How to Start off Investing in Real Estate

I remember when I was first interested in getting into Real Estate 10-15 years ago and I read a bunch of books I picked up at Barnes and Nobles. Every book I bought was about buying property cheap and looking at the rental numbers to justify the purchase price. As long as you could pay the mortgage, insurance, taxes, maintenance, deal with occupancy rates and still come out ahead it was a good deal. Come out ahead $100+ a month in rent and you were set, rents would raise each year and eventually you would have enough equity to borrow off your property to get a second home to rent. Several years later you could retire and live off the rental income! Yay, financial independence…way better than working for the man! Or so I thought…

That is always how I felt and I thought that was how I wanted to start “when I had the money” to buy the first place. That was until I bought a book by Robert Allen with creative financing and getting properties with nothing down that I first heard of the terms of contract assignment and the ability to “control” a place but not purchase it. This was like a light bulb and suddenly I learned everything I could about this new way of investing! How is it possible to do such a thing and how could it even be legal? Trust me it is and it has been happening for many years but now it is almost a normal way of doing things. I read more and more on it and it was exciting to hear of people finding someone getting a huge deal on a home, had NO money but still signed a contract to buy as if they did. Then he would simply find a buyer for the same property at a price higher than what he signed the contract for and during closing he would get paid the difference…nice!
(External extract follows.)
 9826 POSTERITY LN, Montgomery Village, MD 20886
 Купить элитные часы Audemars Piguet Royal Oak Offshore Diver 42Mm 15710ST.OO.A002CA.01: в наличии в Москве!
Essentially this is wholesaling or flipping as people call it now. To me this is far better than owning and renting out properties, at least in the beginning. Now why is that? Both make you money and with owning at least you don’t have to constantly look for new properties. This is true but with flipping you don’t have to worry about renters, damage or any of the hassles of being a landlord…even if you use a management company to deal with it all for you. Now, I know being a landlord is not a bad and you can make a lot of long-term money off it but in the beginning for an investor flipping is FAR better. With owning you have risk and hassle, with flipping you can essentially have zero risk and faster profit. Getting 3-4 flips in a month is not unheard of and at an average of 5-10K a flip you can make much higher profit. If you are unable to find a buyer, you simply invoke an inspection clause and say your “silent” partner didn’t approve of the sale and you get your deposit back. What you will find though is that when you find motivated sellers, you can easily negotiate a contract with no earnest money deposit, it happens all the time…very nice!

It so much easier to be a landlord after you have 100-200K in the bank than it is when you first start out. Flipping is the easiest, least risk way to start out in this business and can generate a lot of profits quickly. It is more profitable than being a bird dog with the same risk, less risk and effort than rehabbing and far less hassle and risk than landlording! Plus, add in the benefit of being able to do it while still having a full time job and it is the natural way to get started and transition yourself away from working for the man…amen!